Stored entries
====

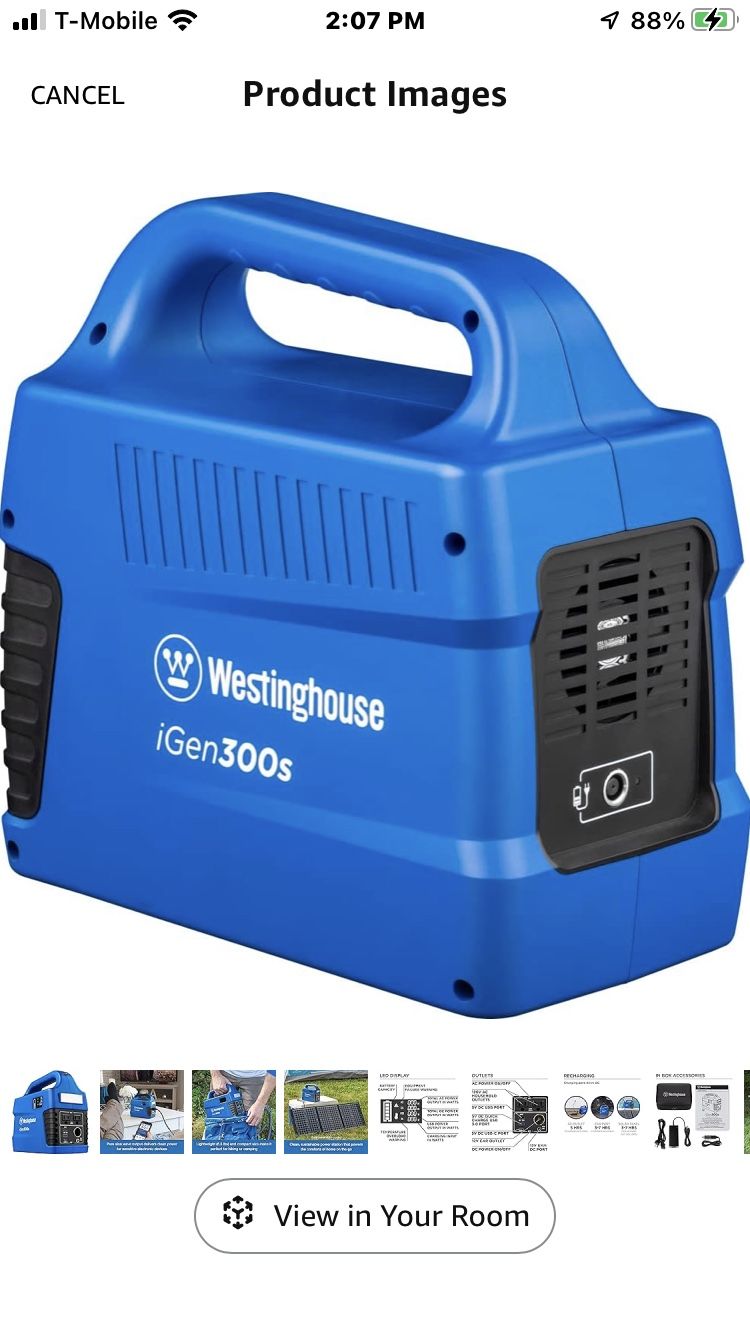 Solar 296Wh 600 Peak Watt Portable Backup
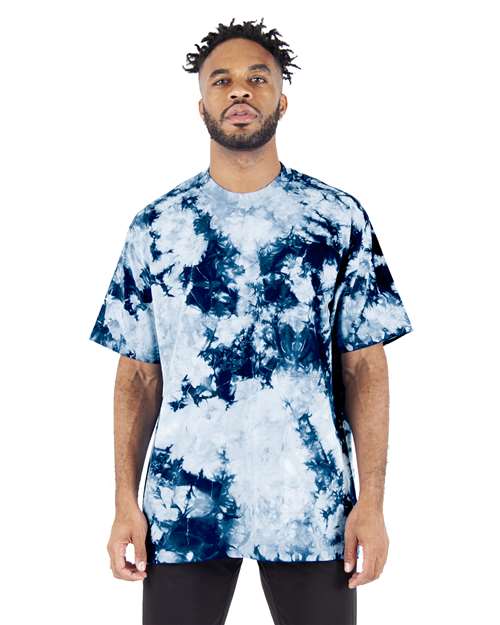 Unisex Max Heavyweight Tie-Dyed T-Shirt - Navy/ White Front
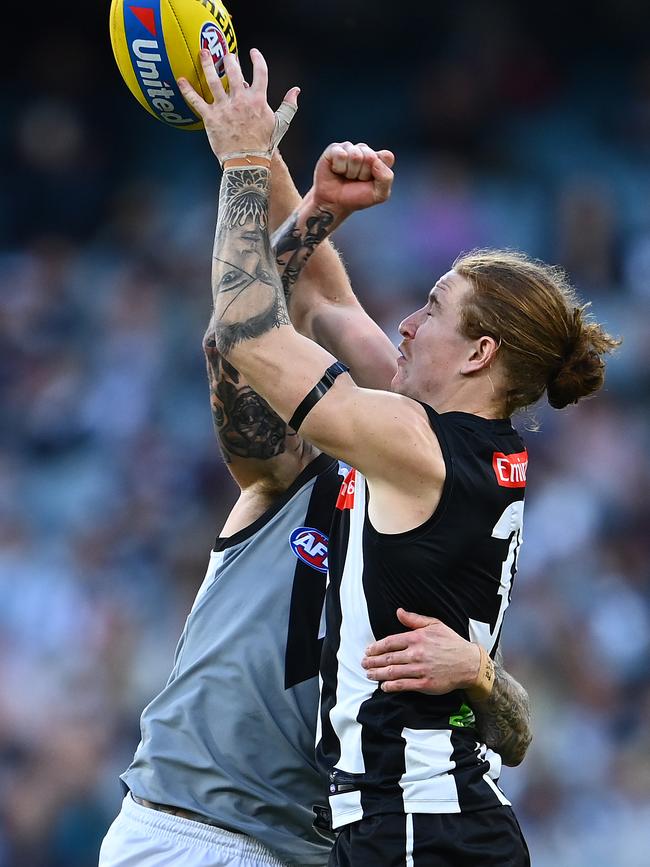 Beau McCreery gets his hands on the ball as the Magpies racked up 137 marks.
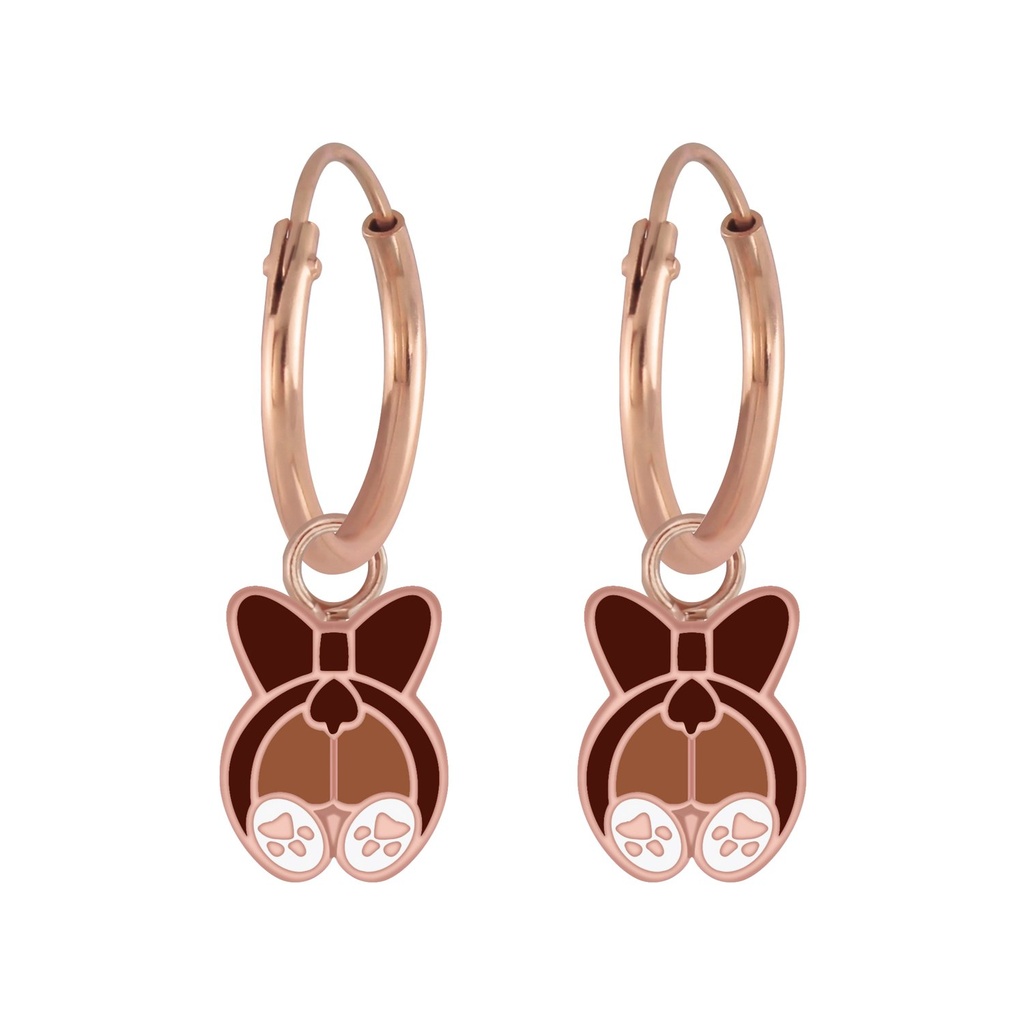 Silver Dog Charm Hoop Earrings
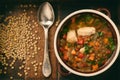 Hot soup with green lentil, chicken, vegetables and spices. Royalty Free Stock Photo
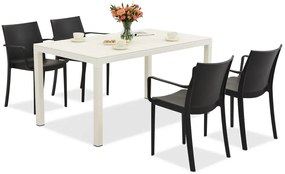 King/Victoria tuinset wit en antraciet voor 4 personen Bica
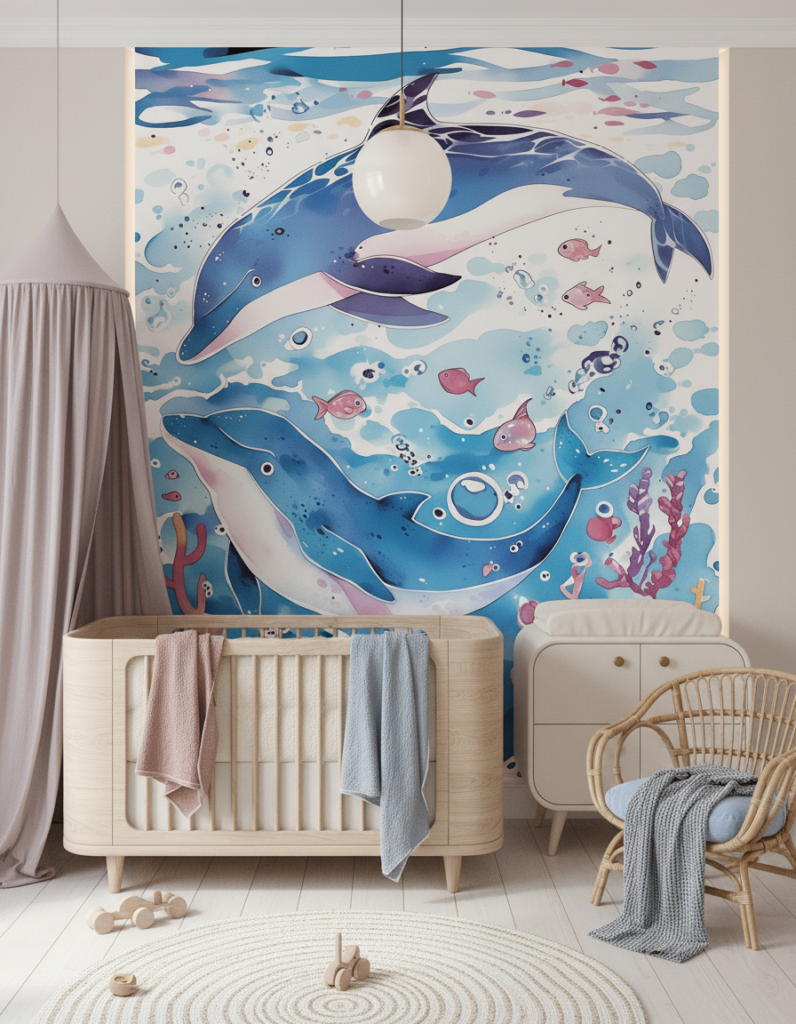 Papier Peint Baleines et Océan Fantaisie Aquarelle - Chambre bébé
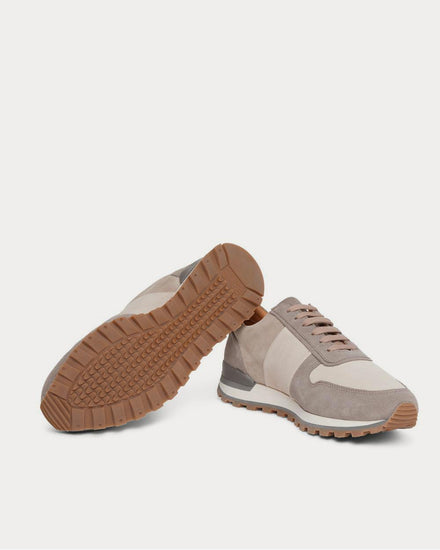 Mr P. Colour-Block Suede  Neutral low top sneakers - 3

====

*AIM OF THE TASK:* The output must match, line for line, the span from the line containing "Unisex Max Heavyweight" through the end of the data, with the pictures removed.

*RESPONSE FOR THIS EXERCISE:*
 Unisex Max Heavyweight Tie-Dyed T-Shirt - Navy/ White Front
 Beau McCreery gets his hands on the ball as the Magpies racked up 137 marks.
 Silver Dog Charm Hoop Earrings
 Hot soup with green lentil, chicken, vegetables and spices. Royalty Free Stock Photo
 King/Victoria tuinset wit en antraciet voor 4 personen Bica
 Papier Peint Baleines et Océan Fantaisie Aquarelle - Chambre bébé
 Mr P. Colour-Block Suede  Neutral low top sneakers - 3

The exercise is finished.